A Royal Commission would only recommend the intrusion of the state into the very fabric of everyday life and cause more problems than it would solve.
Just once example, remember in Russia and Germany the state got the children to report on their mothers and fathers because they did not comply with the states vision.
His implied social engineering would be repressive and takes no account that it takes all types to make a world.
His middle class view of the perfectly functionally well balanced family, all saying 'please' and 'thank you' is unreal and just not possible :-)
But manners don't necessarily maketh the man
Remember the Nazis were well mannered and thought themselves far more superior than the rest of humanity not that I am suggesting you belong to that group.
There is far more to behaving well in a respectful way than just please and thank you.
I've worked with the most rough and ready people, who swear and curse all day long but can be relied on and are the salt of the earth and perhaps there children will be the same, Shock horror.
Will they be put forward in front of the front of the inquisition, ooops sorry, commission ?
I've also worked with some very pleasant credible people whose manners are impeccable but are not very nice people beneath the veneer.
As a teacher you are making a valued judgement on people from your middle class world and lots of people do not live your vision and never will but does not make them bad :-)
What does it say about the ability of women to manage their affairs that an enormous increase in illegitimate children has occurred AFTER the invention of safe, cheap, and effective contraception? Can you imagine the feelings of the inventors of the birth-control pill if they had been told in advance of this development? They would have been astonished by such fecklessness and stupidity. Why should we not be?
Yes, men (or boys) bear a responsibility as well. But since the woman (or girl) is going to be left holding the baby, it is absurd to sit back, purse one's lips, and say that blaming the woman isn't FAIR. Life doesn't hand out gifts and rewards with divine impartiality. When girls are given money and housing as a reward for being careless and selfish, we are reinforcing their immaturity, not helping them grow out of it. Getting pregnant without having a husband in these times, when anyone can use birth control, is not a misfortune. It's an act of criminal selfishness, dooming a child to a life without a father's presence. Talk of the terrible sorrow of girls who were vilified for being "caught" in the old days is ridiculous now, when this problem can be so easily avoided. So what if a certain number of women did suffer for doing no more than other, luckier women? If their suffering deterred other women from pre-marital sex, it had a good effect. Better that one woman should suffer, and serve as a warning, than that many, many children should be born into a deprived environment and suffer all their lives.

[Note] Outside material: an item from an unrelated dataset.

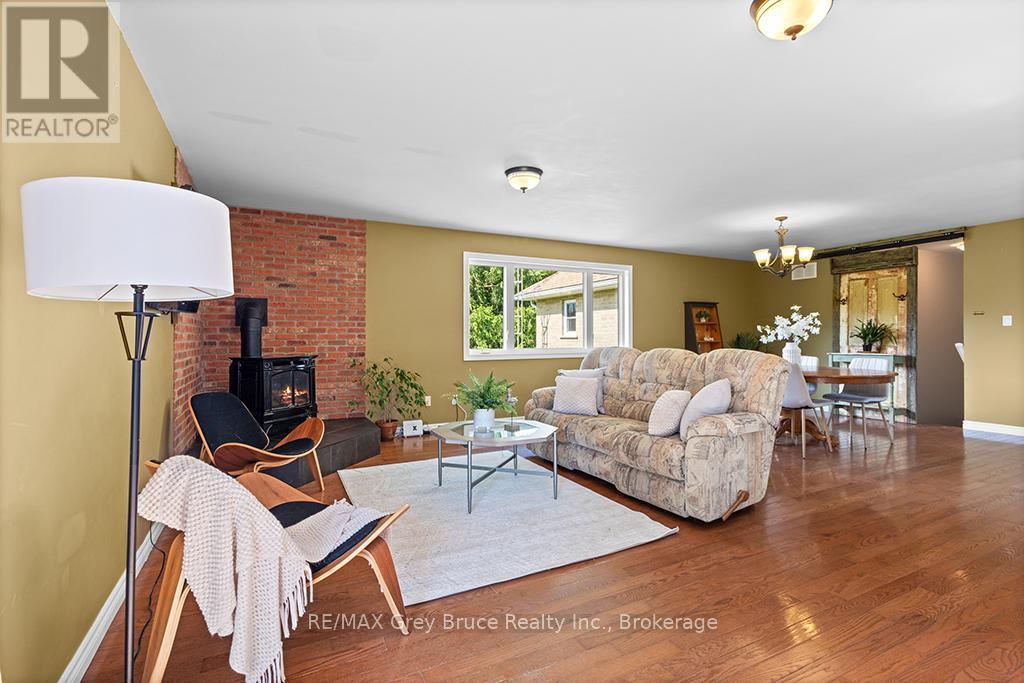363172 Lindenwood Road, Georgian Bluffs, Ontario  N0H 1S0 - Photo 21 - X12249782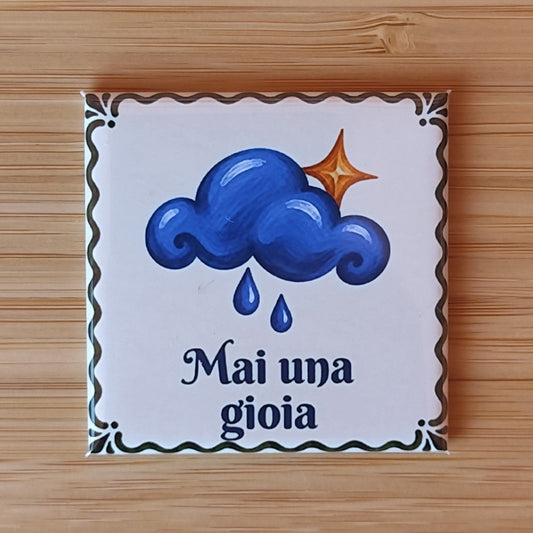 Mai una gioia — Calamita Carol — Carol collection, Fahrcara — vista frontale della calamita.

Both males and females who produce unwanted children are the product of a society that, in so many other ways, tolerates and encourages the idea that people, no matter who, have a right to satisfy their appetites, no matter what. The ideas of deserving and earning are dead. Cui bono? As you say, the government, which provides benefits (as opposed to the people, who pay taxes) and so increases its support (though how many of the people who live on state aid actually vote?). But, over and above that, the big corporations, whose ideal consumer is a person of unlimited appetite. The problem that underlies all the others in our society is the idea that you can and should have everything you want, without waiting or suffering or paying. It is terribly cruel to the poor, because they are the most damaged by it--the middle and upper classes have money and connections to help them through the disasters caused by this idea.
It is unfair to demand that people stay in unhappy marriages. That in itself can be damaging to children, who live with an endless round of fights and arguments. But better and joint custody should be sorted out by the family courts. So that children are getting as much contact as possible with both parents. Unless a parent is abusive, then both parents should still have legal reponsibility for the children after divorce.

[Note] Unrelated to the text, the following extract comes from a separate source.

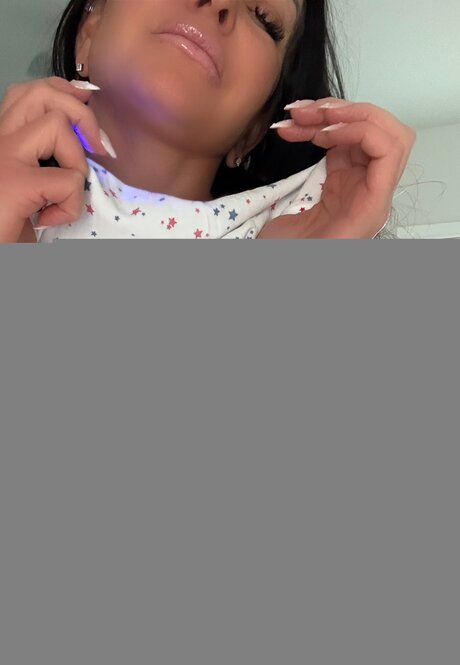 Coralcavero1 hot actress img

Maybe we should go back to the days of long courtships, when two people got to know each other well before the commitment of children. Each asking themselves if their perspective spouse is the kind of father/mother they would want for any future off-spring.
But I suspect that many of the 'unwanted' children do not come from families which have broken down. They come from families which never really existed in the first place. Conceived from one night stands and drunken binges, no one caring or probably too inebriated, to use contraception.

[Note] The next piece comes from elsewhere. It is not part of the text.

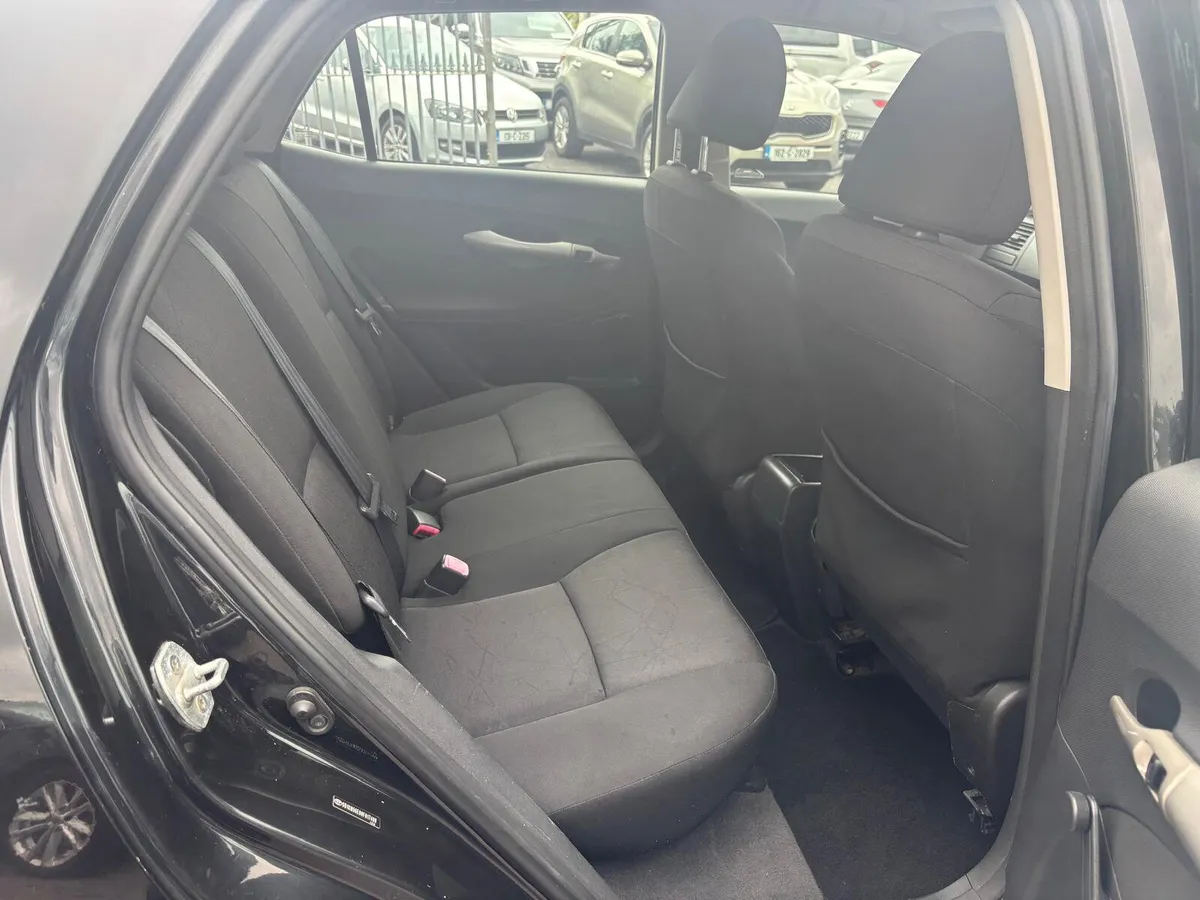 Toyota Auris 2008  PETROL 1.4 - Image 4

I notice that Deborah's solution is of course for men to change their behaviour. It's interesting that women still struggle to accept responsibility for anything.
I have lost my family, my home, my mental health and I?m currently paying a huge monthly sum (until remarriage or death of my Ex wife) when it was my Ex wife that had the affair and left me. My crime was to be too good at providing for my family.
When a person wishes to leave a marriage, they can do so, but they should leave the 'family' as intact as possible. This could mean leaving the children with the father in the martial home in the case of a wife wishing to leave. This would be the least disruptive. It should be an acceptable solution to women as its perceived but false wisdom that it is mainly men who leave women for 'younger models'. Domestic violence would be the exception ? but there should be proof ? and not just allegation.
The current divorce system predominately dumps men from their families whilst making them pay for the privilege.
Perhaps divorce rates would go down and people would be more eager to make things work if the lawyers and courts weren?t so keen to offer financial rewards and the children of a marriage to women. I was told like most men that I would not win a custody case.
Divorce however has become a big profitable industry and there seems to be no incentive to reduce it. This seems immoral to me.
a current way out for men is to choose breeding partners who they know are capable of being economically independent - and to draw up suitable mutually agreed premarital (not pre-martial) agreements on long term responsibilites of any children?
Both parties are supporting the current Welfare Reform Bill which will worsen rather than ameliorate this problem.
A generation in which both parents have to work to have even a modest standard of living - 2x the minimum wage? - is being pressured on all sides: to look in on the consumer society from outside, to help the kids with their homework, and generally to conform to the conflicting expectations built into modern life.
Factored into this dystopic equation is the constant drivel emanating from the celebrity culture, with the hope - via the Lottery - that one day one could be lifted into the world of fast cars and designer gear.
Behind this is the deliberate creation of permanent dissatisfaction cleverly created by corporate advertising and the corporate media to make sure spending is seen to be the only route to happiness.
Sadly it's not. But sure as hell greases the wheels!
An excellent article, with which I have only one point of disagreement: The statement that 'society has become more sophisticated.' I can remember society from the late '40s onwards, and in my view society in the U.K. has not become more sophisticated. It has, rather, become shallow, thoughtless, given over to the pursuit of selfishness above all else, and, truth be told, in large part barbaric. The society I remember was, in truth, sophisticated, one where ideas and ideals were constantly to the fore to a very great extent both generally and in a family context.
Socialist-liberal politics where no one does any wrong, everyone is a victim and everyone wins.
Even within the marriages themselves each person should know what is expected of them and this can be obtained in a prior to marriage counselling even during when problems come up.]
Corinthians11.3, Ephesians 5v23
Women [including single parent/unmarried /unwedded mothers ]are to stay at home if they have really young children or work round their children so that they are home when they are home[and are not unsupervised etc] Men should go out and work and take care of their families - wives and kids and not leave it to the state or others. In some cultures a mans wife and kids is the total sum of who the man is - his legacy to humanity. The Bible states that a Christian man that does not take care of his children and his own is worse than an unbeliever!
Not popular but the keys to a happy family a functioning and happy society!